んー
私達は1日半程かけて街へ行く事に決めた。
歩き始めてから早数十分…レイちゃんが物凄く怒ってる。
「もうっ!何でセイラはすぐに走っちゃうんですか!」
「ご、ごめん。なんか光ってるキノコあったから…」
光ってるキノコを見つけて採取すれば怒られ。
「ちょ、ちょっと!セ、セイラ!」
「あ、すぐ終わるから!」
昨日も見つけた川を見つけたから急いで食料確保に向かったら怒られ。
「セイラ!声掛け!!!」
「ごめん!一瞬だからって思って」
歩いてる方向が合ってるか、周囲に異変がないか見る為に大木のてっぺんに登れば怒られ。
ーヒュン!ドーン!
「討伐!」
「セイラ凄い!」
ただ、魔物が出て瞬殺した時は目を輝かせつつ盛大に褒めてくる。
…レイちゃんっていいお母さんになりそうだ。まぁ、私が適当過ぎるのかもしれないけど。

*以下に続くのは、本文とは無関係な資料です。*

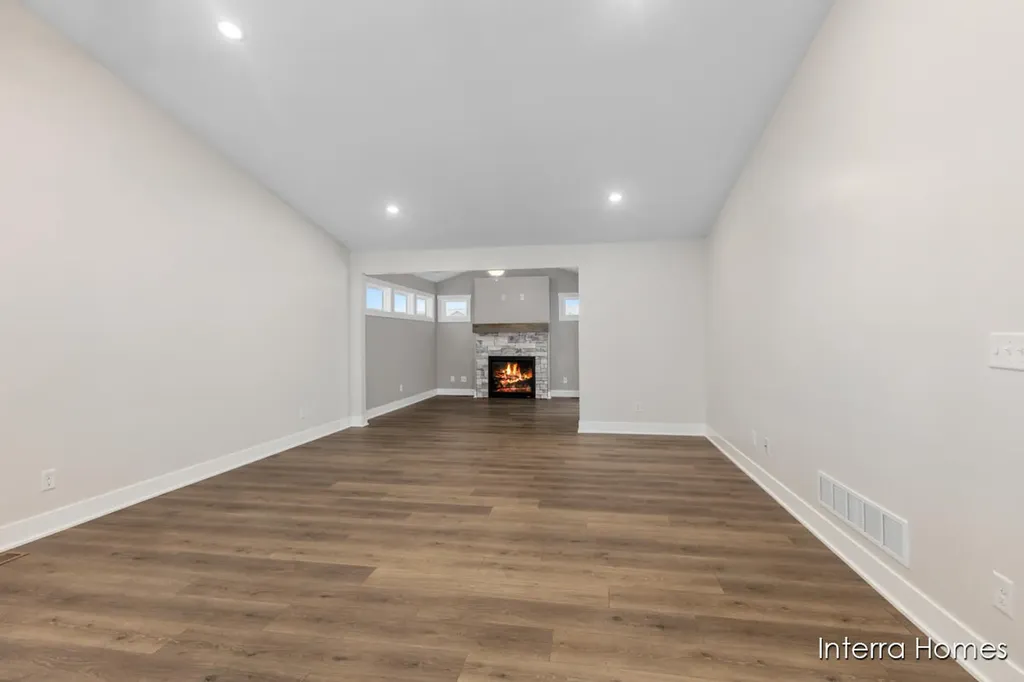 3774 Ambrosia Drive SW Walker City MI 49534
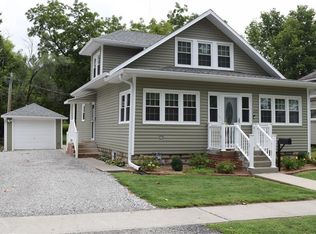 603 Bridge St, Sweet Springs, MO 65351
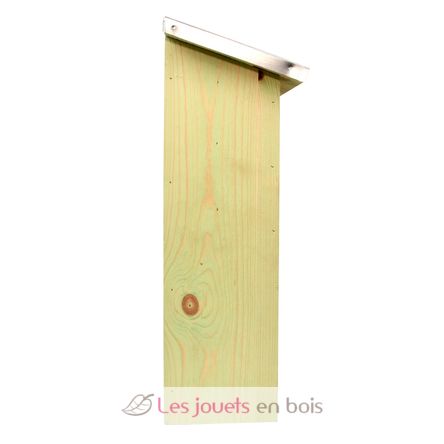 Abri silhouette chauve-souris L ED-WA59 Esschert Design 3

そんなこんなで数時間経ち、私達はレイちゃんの村付近に到着した。寄らないけどね!
でも、もしかしたらって事もあるから一応聞いてみた。
「ねぇ、無いとは思うんだけどさ?レイちゃん村に寄りたいとかある?」
「ないですねー、個人的な持ち物とかも無いですし。寧ろ気まずくなるので早く此処から離れたいですー」
あっけらかんとした様子で返事をするレイちゃん。
その横顔を盗みみても、その心情はわからない。
…まぁ、出会ったばかりなんだしな。踏み込み過ぎるのもちょっとね。
私達は少し村から離れた場所を通り抜けることにして、歩きだしたのだった。
それから夜までの間は特にこれと言ったことはなく、二人で会話したり、採取したりしながら歩き続けた。
初めの頃は何をしても注意されてた私だけど、途中から悟りを開いたのか何も言われなくなった。困った顔をされるだけ。ご、ごめんって…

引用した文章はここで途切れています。